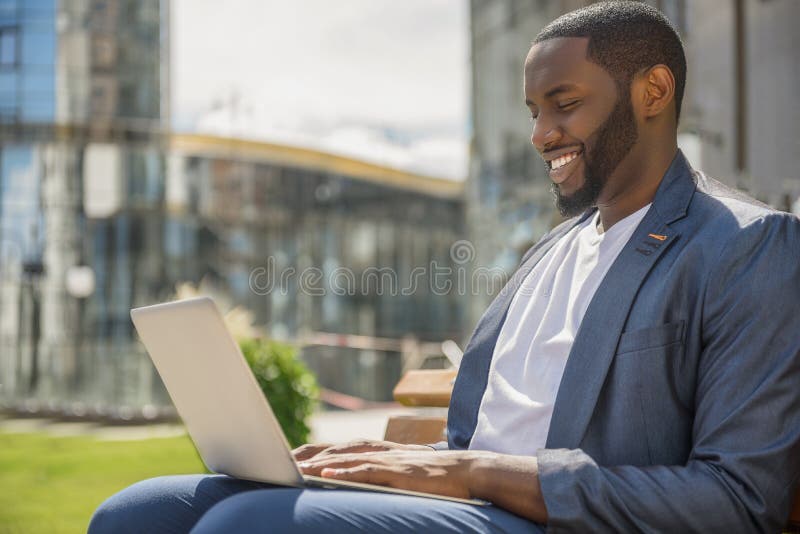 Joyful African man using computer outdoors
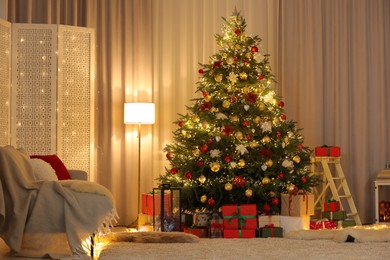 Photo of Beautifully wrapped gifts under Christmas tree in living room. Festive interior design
...
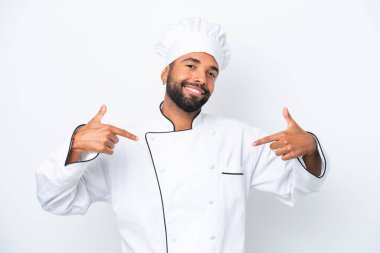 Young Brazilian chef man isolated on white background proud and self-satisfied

▸ What you will do: Looking at the listing above, which lines run from the one containing "Joyful African man using computer outdoors" through the one containing "Photo of Beautifully"? Print exactly those, ends included, pictures excluded.

▸ Answer for this exercise:
 Joyful African man using computer outdoors
 Photo of Beautifully wrapped gifts under Christmas tree in living room. Festive interior design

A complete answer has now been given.